The physicians and surgeons among her friends were not amused; Dr. Arbuthnot, Dr. Mead, Sir Hans, and Mr. Maitland called upon her in a grand unsmiling delegation. She received them in an impeccably English drawing room.
“Surely, my lady, you can see that physicians per se are not your enemies?” Sir Hans began gruffly.
“Whose enemies?” she asked.
“Drop the masquerade, if you please, my lady,” said Mr. Maitland. “Such subterfuge does not become you.”
“And stubbornness does not become you, gentlemen.”
“Will you not see that the inoculators are not your enemies?” pleaded Dr. Arbuthnot. “I must tell you, Lady Mary: you have flung down the word
murder,
but the two who died most certainly did not die from inoculation, no matter what you want to argue about incision length. Young Spencer was well through the distemper, and Lord Bathurst's servant had caught it in the natural way, before being inoculated—though to be sure, he may well have caught it from the inoculated children, or from being sent to the smallpox house. A niggling point, you may say, as you might still like to lay those deaths at medicine's door: but they did not come about through inoculation.”
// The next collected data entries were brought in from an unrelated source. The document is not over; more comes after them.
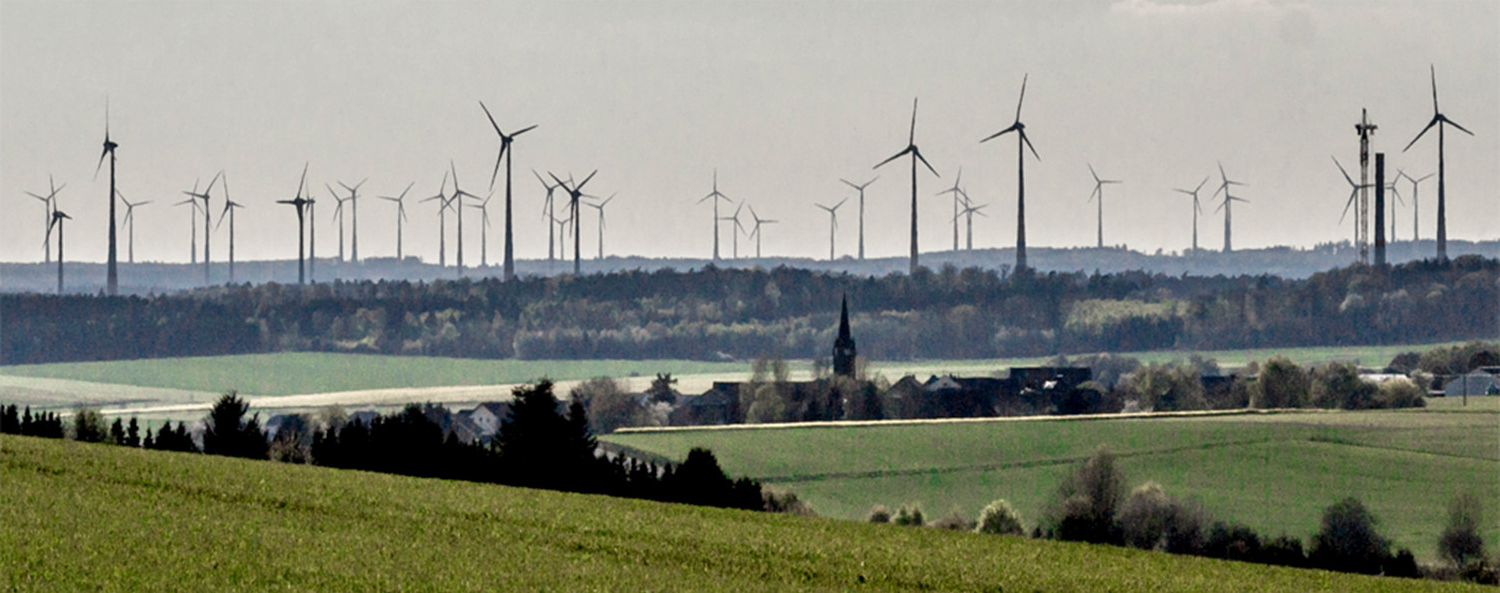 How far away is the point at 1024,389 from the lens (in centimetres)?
17200

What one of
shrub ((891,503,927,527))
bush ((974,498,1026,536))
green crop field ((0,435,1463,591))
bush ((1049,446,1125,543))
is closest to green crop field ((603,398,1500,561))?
shrub ((891,503,927,527))

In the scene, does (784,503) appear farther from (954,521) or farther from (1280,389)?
(1280,389)

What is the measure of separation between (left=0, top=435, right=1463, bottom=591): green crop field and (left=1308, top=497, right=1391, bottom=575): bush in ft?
156

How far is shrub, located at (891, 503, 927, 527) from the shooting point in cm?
9050

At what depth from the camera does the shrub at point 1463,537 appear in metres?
82.0

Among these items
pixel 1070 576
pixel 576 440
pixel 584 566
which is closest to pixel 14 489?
pixel 584 566

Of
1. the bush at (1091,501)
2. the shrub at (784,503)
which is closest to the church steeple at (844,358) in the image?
the bush at (1091,501)

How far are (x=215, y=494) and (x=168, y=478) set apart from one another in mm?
2462

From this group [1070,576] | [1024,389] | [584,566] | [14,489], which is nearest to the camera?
[584,566]

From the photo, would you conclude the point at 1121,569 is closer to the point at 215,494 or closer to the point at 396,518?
the point at 396,518

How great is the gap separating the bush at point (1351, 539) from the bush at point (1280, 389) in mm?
58388

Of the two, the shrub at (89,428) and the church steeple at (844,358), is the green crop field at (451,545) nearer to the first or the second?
the shrub at (89,428)

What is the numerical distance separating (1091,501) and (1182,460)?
1844cm

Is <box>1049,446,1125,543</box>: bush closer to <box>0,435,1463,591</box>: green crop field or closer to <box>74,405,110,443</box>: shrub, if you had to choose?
<box>74,405,110,443</box>: shrub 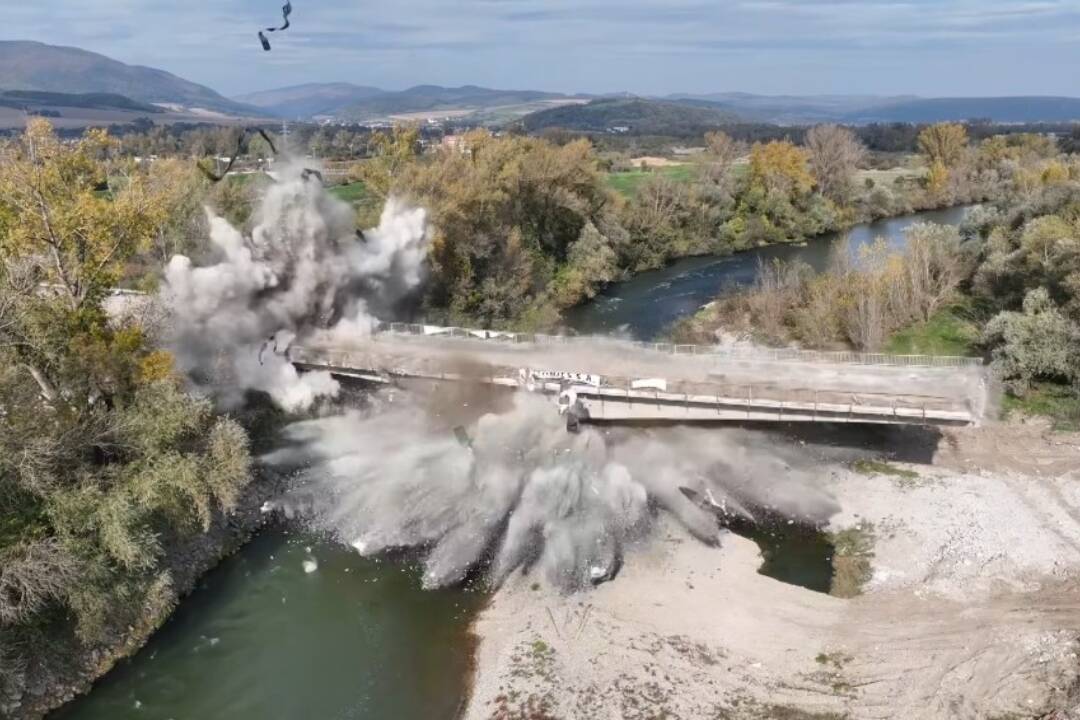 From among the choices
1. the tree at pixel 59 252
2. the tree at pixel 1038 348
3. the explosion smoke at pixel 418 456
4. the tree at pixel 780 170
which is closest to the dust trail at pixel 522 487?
the explosion smoke at pixel 418 456

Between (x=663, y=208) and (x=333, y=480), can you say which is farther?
(x=663, y=208)

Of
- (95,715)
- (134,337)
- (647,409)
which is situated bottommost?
(95,715)

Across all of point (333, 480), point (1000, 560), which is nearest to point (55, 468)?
point (333, 480)

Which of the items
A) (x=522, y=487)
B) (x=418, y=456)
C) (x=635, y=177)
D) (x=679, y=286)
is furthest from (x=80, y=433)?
(x=635, y=177)

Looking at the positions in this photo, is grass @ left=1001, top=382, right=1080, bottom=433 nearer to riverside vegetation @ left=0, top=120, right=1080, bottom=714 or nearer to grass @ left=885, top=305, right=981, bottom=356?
riverside vegetation @ left=0, top=120, right=1080, bottom=714

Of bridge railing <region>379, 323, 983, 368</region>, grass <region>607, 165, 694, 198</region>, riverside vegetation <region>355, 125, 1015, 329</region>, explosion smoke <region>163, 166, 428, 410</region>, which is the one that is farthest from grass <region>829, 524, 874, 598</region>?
grass <region>607, 165, 694, 198</region>

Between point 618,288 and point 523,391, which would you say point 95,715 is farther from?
point 618,288

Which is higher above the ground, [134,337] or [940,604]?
[134,337]

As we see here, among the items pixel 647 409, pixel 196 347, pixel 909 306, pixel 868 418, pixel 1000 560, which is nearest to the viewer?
pixel 1000 560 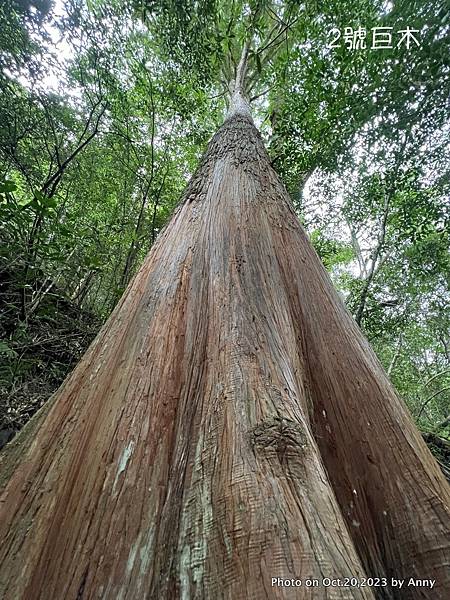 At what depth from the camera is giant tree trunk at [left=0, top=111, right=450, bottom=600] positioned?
676 millimetres

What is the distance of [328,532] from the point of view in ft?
2.21

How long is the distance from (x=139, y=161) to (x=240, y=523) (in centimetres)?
466

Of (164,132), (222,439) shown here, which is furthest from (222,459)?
(164,132)

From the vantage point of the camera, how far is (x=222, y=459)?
80cm

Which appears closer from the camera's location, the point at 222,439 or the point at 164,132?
the point at 222,439

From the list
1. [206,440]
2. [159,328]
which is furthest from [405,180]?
[206,440]

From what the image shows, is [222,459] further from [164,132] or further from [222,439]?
[164,132]

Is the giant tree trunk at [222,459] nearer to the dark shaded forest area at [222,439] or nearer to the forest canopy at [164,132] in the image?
the dark shaded forest area at [222,439]

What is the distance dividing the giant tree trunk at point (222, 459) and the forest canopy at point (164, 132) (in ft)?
3.74

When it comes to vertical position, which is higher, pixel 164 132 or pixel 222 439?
pixel 164 132

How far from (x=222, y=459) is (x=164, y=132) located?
5.33 metres

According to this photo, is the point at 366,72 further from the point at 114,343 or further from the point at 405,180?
the point at 114,343

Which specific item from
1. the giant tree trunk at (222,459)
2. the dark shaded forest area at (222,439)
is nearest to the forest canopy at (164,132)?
the dark shaded forest area at (222,439)

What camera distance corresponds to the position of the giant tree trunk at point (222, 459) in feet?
2.22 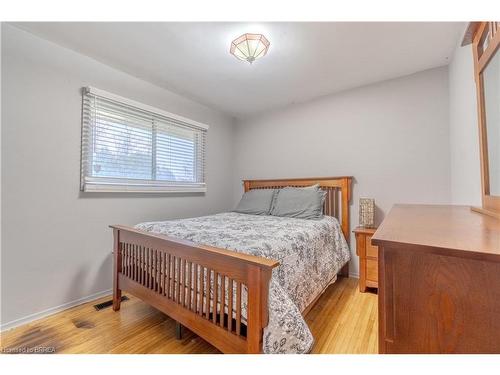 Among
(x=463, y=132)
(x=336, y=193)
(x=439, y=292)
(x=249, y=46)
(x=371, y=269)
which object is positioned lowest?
(x=371, y=269)

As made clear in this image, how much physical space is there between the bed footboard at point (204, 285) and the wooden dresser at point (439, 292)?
1.69 feet

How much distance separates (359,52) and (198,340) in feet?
8.37

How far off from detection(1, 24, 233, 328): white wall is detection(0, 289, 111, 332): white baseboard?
1.0 inches

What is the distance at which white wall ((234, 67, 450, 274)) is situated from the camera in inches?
89.1

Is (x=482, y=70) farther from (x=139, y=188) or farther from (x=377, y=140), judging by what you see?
(x=139, y=188)

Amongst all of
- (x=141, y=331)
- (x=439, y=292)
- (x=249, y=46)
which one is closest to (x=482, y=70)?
(x=439, y=292)

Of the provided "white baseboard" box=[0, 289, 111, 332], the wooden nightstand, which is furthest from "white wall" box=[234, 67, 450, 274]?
"white baseboard" box=[0, 289, 111, 332]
“I do not know why you feel the need to lecture me on this point, gentlemen, but seeing that you are, perhaps you will allow me to engage you. I hear what you have said about the deaths, Dr. Arbuthnot, and I must say your reasoning is convincing. But I tell you, I agree with this Turkey merchant: by your changes, you are making the operation far more severe and dangerous than necessary.” She turned to Mr. Maitland. “Surely
you
can see that?”
“What I see most clearly, my lady, is that those of us who support inoculation would do well to stick together just now. The opposition screams with the fury of a storm from the sea.”
She looked at them all, one by one, and then she rose. They hurried to stand in her wake. “If it comes to a battle for inoculation's survival, gentlemen, you can count on my support.”
It did come to that, and soon. All summer long, jeering mobs followed the inoculators through the streets, and slurs began winging through the press. “Mr. Maitland is grubbing for money and patronage,” sneered some.
“A new way to murder with impunity!” screeched others. “Guardians will poison their wards in order to come to rich estates.”
“An artificial way of depopulating a whole country,” shouted still others.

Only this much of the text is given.